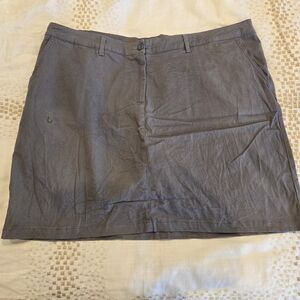 Ellos Slate Gray Khaki Skort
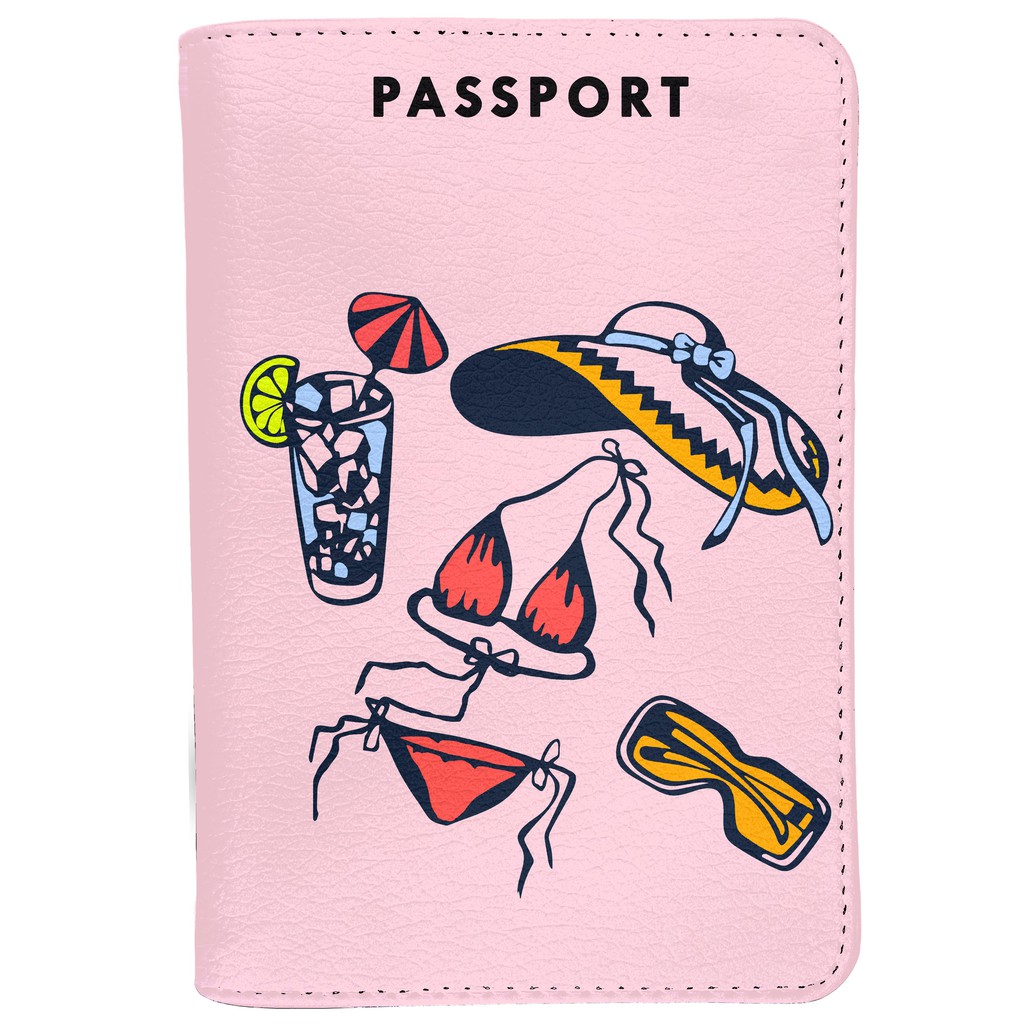 Bao Da Passport Du Lịch ĐI BIỂN DỄ THƯƠNG - Ví Đựng Hộ Chiếu Đơn Giản Xinh Xắn - Passport Cover Holder SIMPLE - LT037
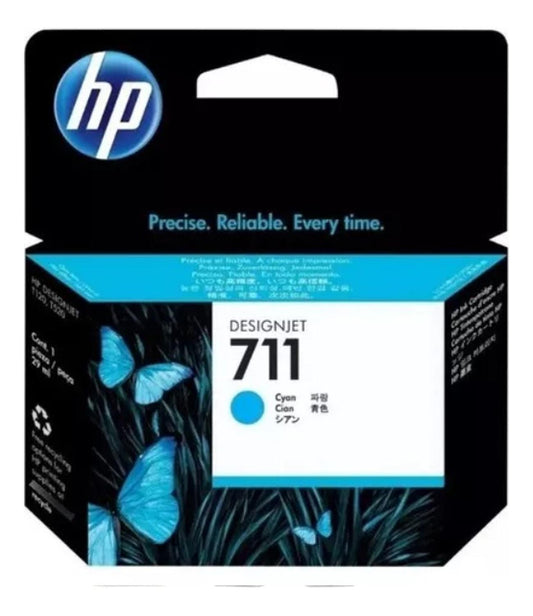 Cartucho Tinta HP 711 Cian Original HP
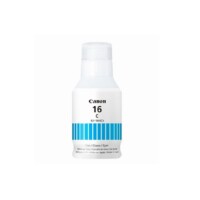 BOTELLA DE TINTA CANON GI-16 CYAN,RENDIMIENTO 9,000 PAGINAS,COMPATIBLE: MAXIFY GX7010,MAXIFY GX6010,MAXIFY GX5010
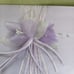 New darice wedding guest book pen ring pillow Lilac purple flower floral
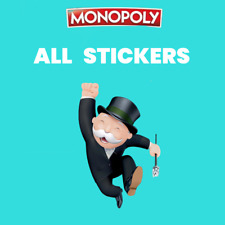 Monopoly GoStickers Set22-26 All Stickers Fast Delivery Cheap picture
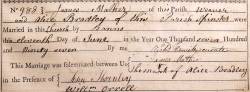 Taken on June 11th, 1797 and sourced from Certificate - Baptism.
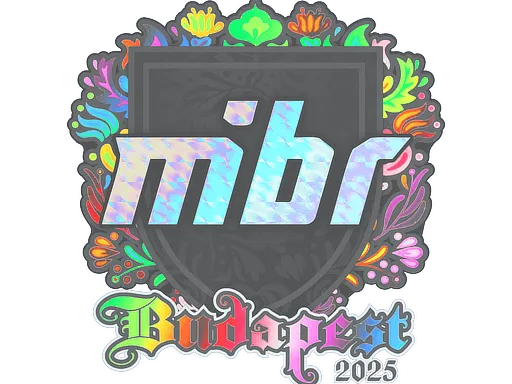 Наклейка | MIBR (голографическая) | Будапешт-2025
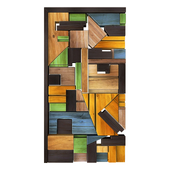 Wood panel n4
————————
Required action: Exclude the pictures and repeat the entries word for word.

Task result:
 Ellos Slate Gray Khaki Skort
 Bao Da Passport Du Lịch ĐI BIỂN DỄ THƯƠNG - Ví Đựng Hộ Chiếu Đơn Giản Xinh Xắn - Passport Cover Holder SIMPLE - LT037
 Cartucho Tinta HP 711 Cian Original HP
 BOTELLA DE TINTA CANON GI-16 CYAN,RENDIMIENTO 9,000 PAGINAS,COMPATIBLE: MAXIFY GX7010,MAXIFY GX6010,MAXIFY GX5010
 New darice wedding guest book pen ring pillow Lilac purple flower floral
 Monopoly GoStickers Set22-26 All Stickers Fast Delivery Cheap picture
 Taken on June 11th, 1797 and sourced from Certificate - Baptism.
 Наклейка | MIBR (голографическая) | Будапешт-2025
 Wood panel n4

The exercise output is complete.